Frozen cell pellets were resuspended in a lysis buffer consisting of 900 µL of Tris pH 8.2 (20 mM Tris pH 8.2, 100 mM NaCl, 2 mM MgCl₂ and supplemented with DNase I to a final concentration (f.c.) of 0.1 mg mL⁻¹). Resuspended cells were flash frozen by slow drip over liquid nitrogen and cryogenically pulverized with a freezer mill (SPEX Sample Prep) over 8 cycles consisting of 1 min of grinding (9 Hz), and 1 min of cooling. Pulverized lysates were transferred to 50 mL centrifuge tubes and thawed at room temperature for 20 min. Lysates were then transferred to fresh 1.5 mL microfuge tubes and clarified at 16,000 × g for 15 min at 4 °C to remove insoluble cell debris. To deplete ribosome particles, clarified lysates were transferred to 3 mL konical tubes and ultracentrifuged at 33,300 rpm at 4 °C for 90 min without sucrose cushions using a SW55 Ti rotor. Protein concentrations of clarified lysates were determined using the bicinchoninic acid assay (Rapid Gold BCA Assay, Pierce) in a microtiter format with a plate reader (Molecular Devices iD3) using BSA as a calibration standard. Protein concentrations were diluted to a standard concentration of 3.3 mg mL⁻¹ using Tris lysis buffer. This generates the normalized lysates for all downstream workflows.

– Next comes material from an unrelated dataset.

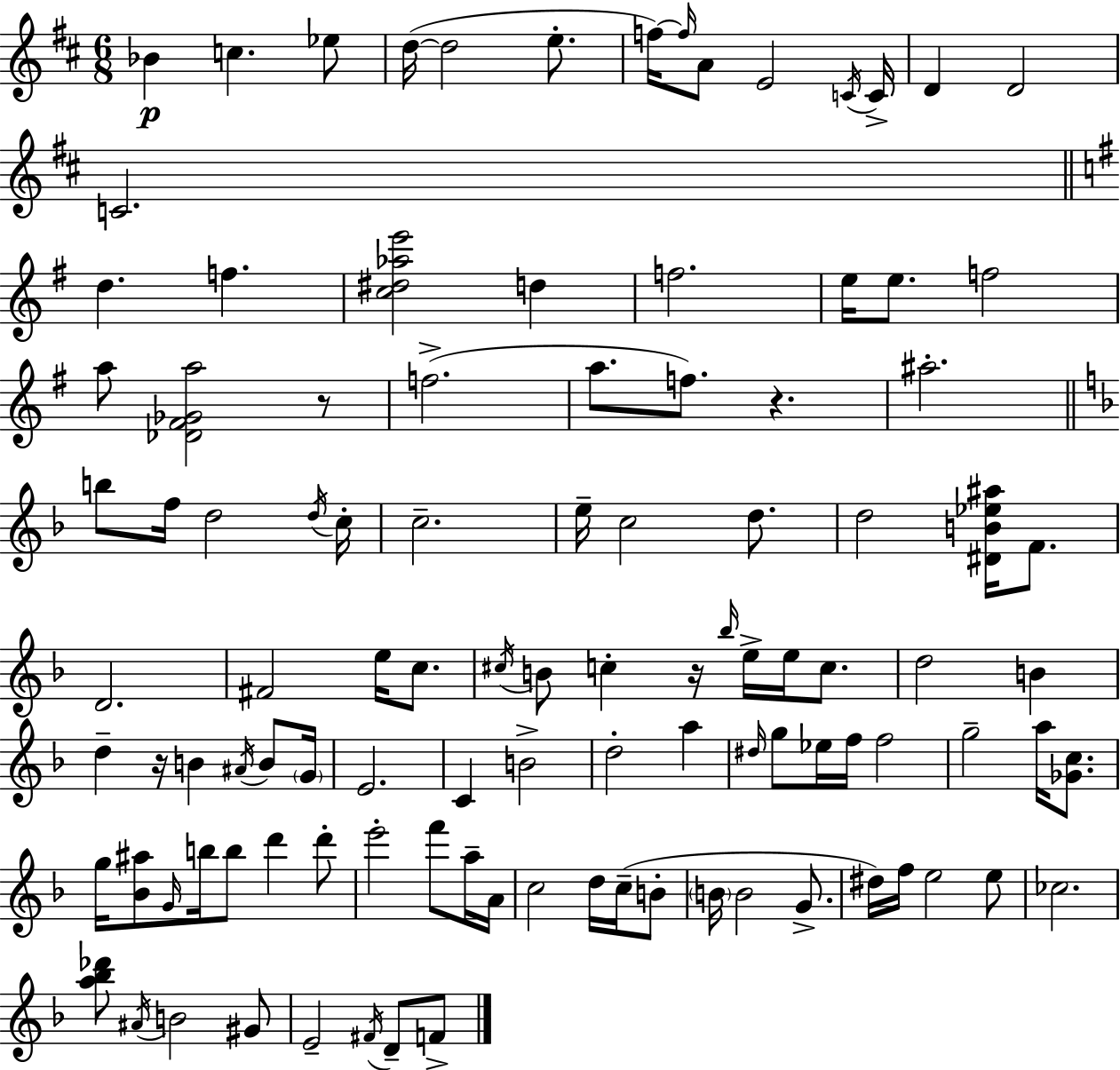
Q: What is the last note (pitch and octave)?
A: F4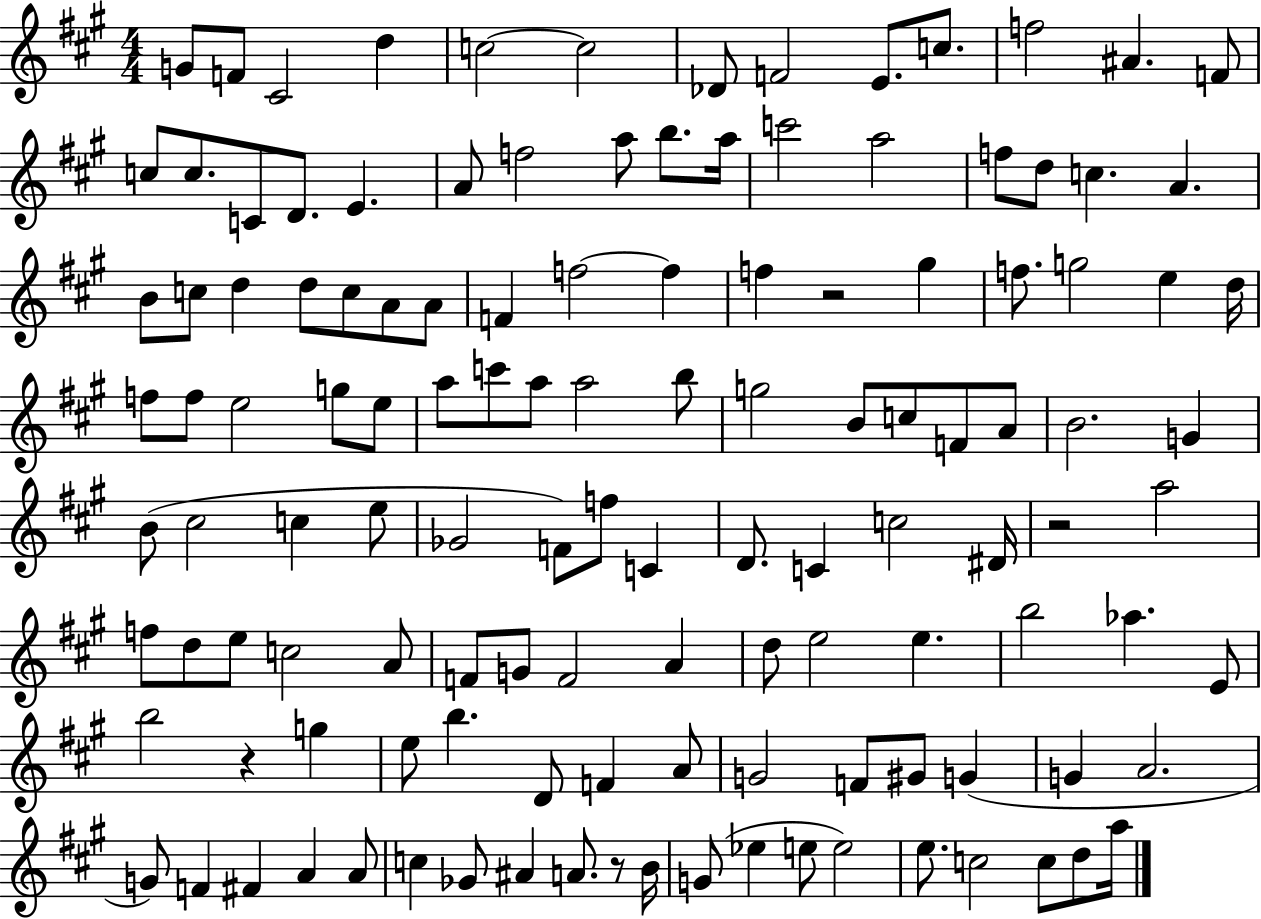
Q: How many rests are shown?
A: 4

Preparation of native and refolded lysates for limited proteolysis mass spectrometry

To prepare half-isotopically-labeled native samples, 3.5 µL of normalized lysates derived from pellets in which half of the cells were grown with [¹³C₆]L-Arginine and [¹³C₆]L-Lysine during cell culture and half of the cells were grown with natural abundance L-Arginine and L-Lysine during cell culture, were diluted with 96.5 µL of Tris native dilution buffer (20 mM Tris pH 8.2, 100 mM NaCl, 10.288 mM MgCl₂, 10.36 mM KCl, 2.07 mM ATP, 1.04 mM DTT, 62 mM GdmCl) to a final protein concentration of 0.115 mg mL⁻¹. Following dilution, the final concentrations are 20 mM Tris pH 8.2, 100 mM NaCl, 10 mM MgCl₂, 10 mM KCl, 2 mM ATP, 1 mM DTT, and 60 mM GdmCl. Native samples were then equilibrated by incubating for 90 min at room temperature prior to limited proteolysis.

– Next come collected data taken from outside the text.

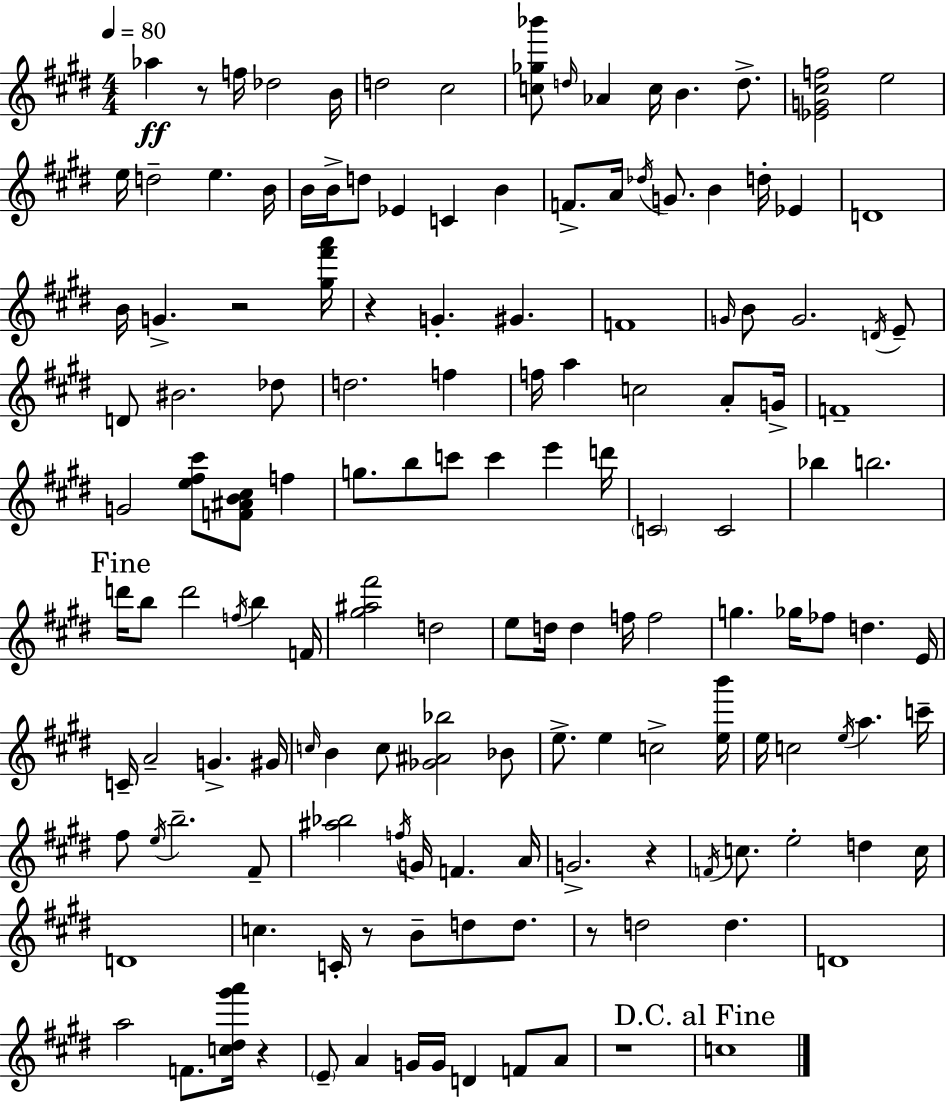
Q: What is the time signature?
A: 4/4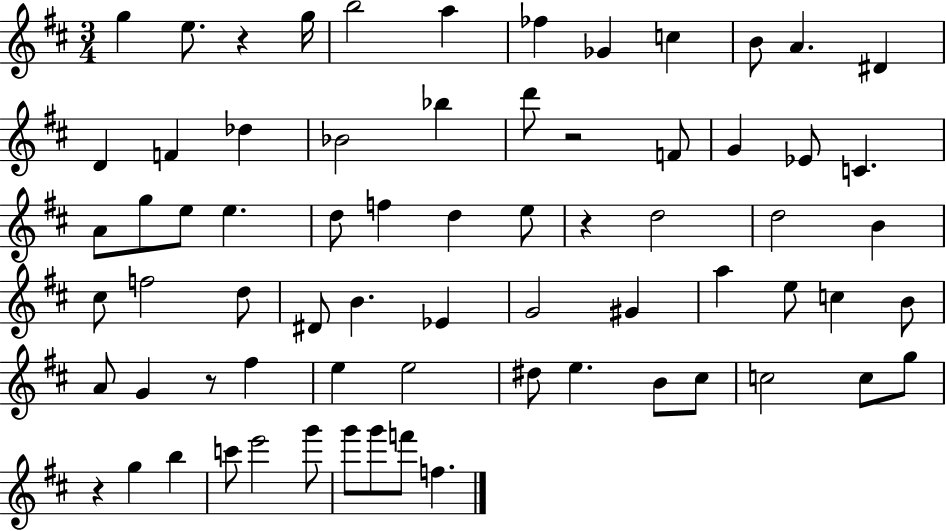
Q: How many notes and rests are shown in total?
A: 70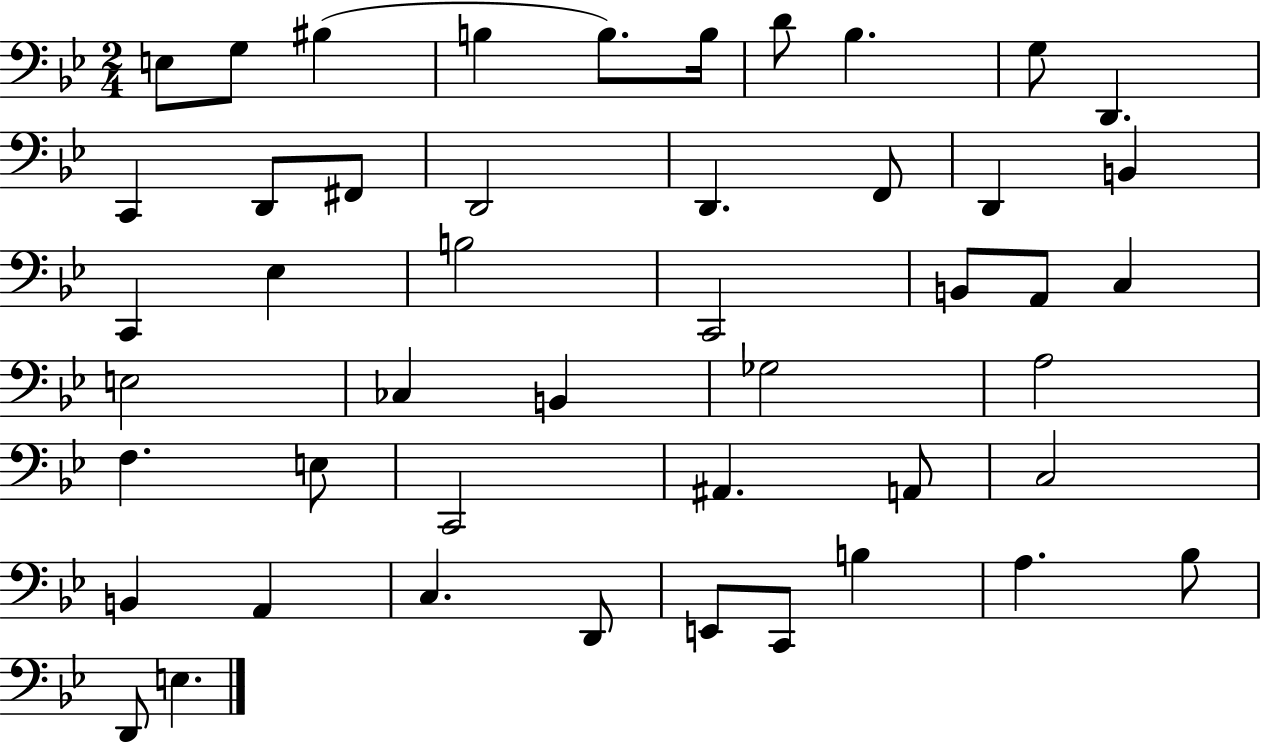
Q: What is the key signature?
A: BES major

The refolding samples were prepared as described previously⁴⁹. Briefly: 600 μL of normalized lysates, 100 mg of solid GdmCl, and 2.4 μL of a freshly prepared 700 mM DTT stock solution were added to a fresh 1.5 mL microfuge tube, and solvent was removed using a vacufuge plus to a final volume of 170 μL, such that the final concentrations of all components were 11.6 mg mL⁻¹ protein, 6 M GdmCl, 70 mM Tris pH 8.2, 350 mM NaCl, 7 mM MgCl₂, and 10 mM DTT. Unfolded lysates were incubated overnight at room temperature to complete unfolding prior to refolding.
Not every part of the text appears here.